Coss got a break today, as ICE officials gave his attorney 30 more days to file a "stay of removal" and asylum for their client.
Arora said they had learned that Coss has been worried because his brother was killed in the violence in Sonora, Mexico and he does not feel safe returning there. Arora added that in the past, this type of case would not even have been an issue, but now the new administration was enforcing all "orders of removal" without looking at the full picture.
"The ICE office here has actually been as reasonable as they can be considering they're bound by the new orders from the Trump administration. They did agree to give him 30 days to get his affairs in order. We are now filing a stay of removal. If they grant it, we can get another order of supervision. I just spoke to the ICE officer, they are sympathetic to people in Marco's position," said Arora.
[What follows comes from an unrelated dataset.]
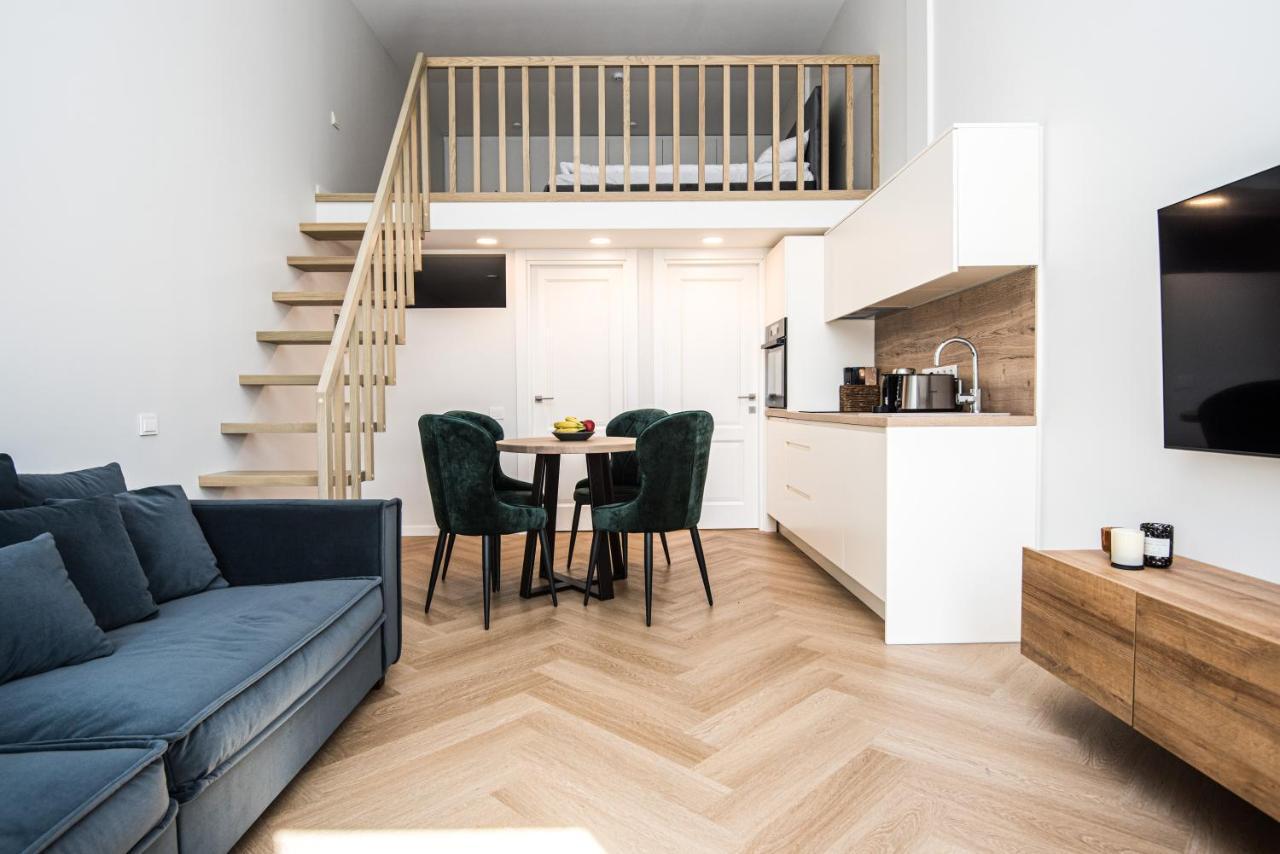 Moulin Apartamentai Palanga Eksteriør billede
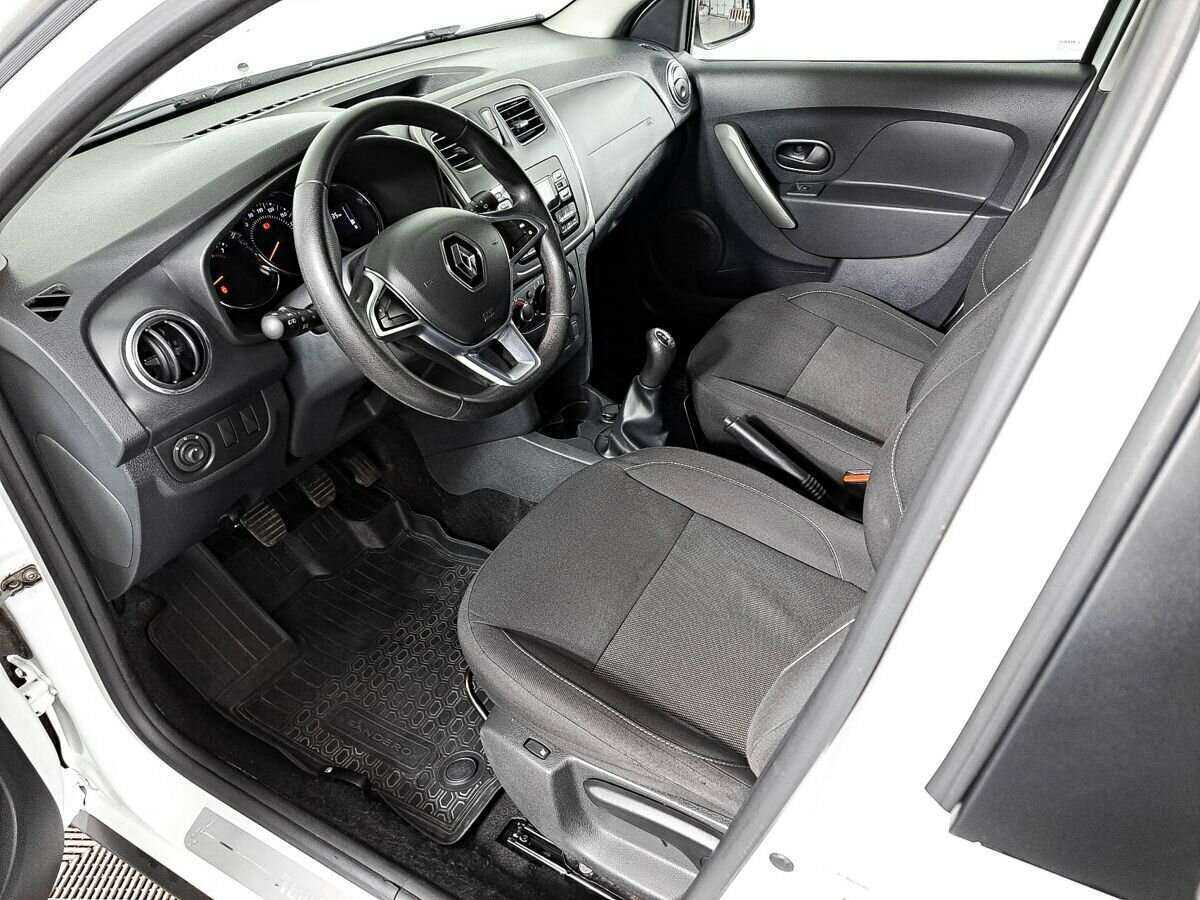 Купить Renault Sandero, 2019, 68 897 км.. Фото: #13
Coss said he came to the United States to find a better life for himself, and his family and to escape the violence in Sonora, Mexico. He said he had nothing to return to there.
"My life is here. I stay here for 18 years now, I come when I was 18. I'm going to stay and fight my case. I don't want to go back to Mexico," said Coss.
He is expected to show up for another check in with ICE on May 12th.
An ICE spokeswoman released this statement today:
"All reporting requirements for those checking in with U.S. Immigration and Customs Enforcement (ICE) are determined on a case by case basis. The frequency and duration are dependent on many factors including, but not limited to, pending appeals or petitions, issuance of travel documents, or future hearings before an immigration judge.
Aliens on the non-detained docket may be subject to various forms of supervision, such as reporting requirements, travel restrictions, and enrollment in the Alternatives to Detention (ATD) Program (including telephonic reporting or Global Positioning System monitoring). The appropriate conditions of release are determined on a case-by-case basis after a review of the individual facts of the case."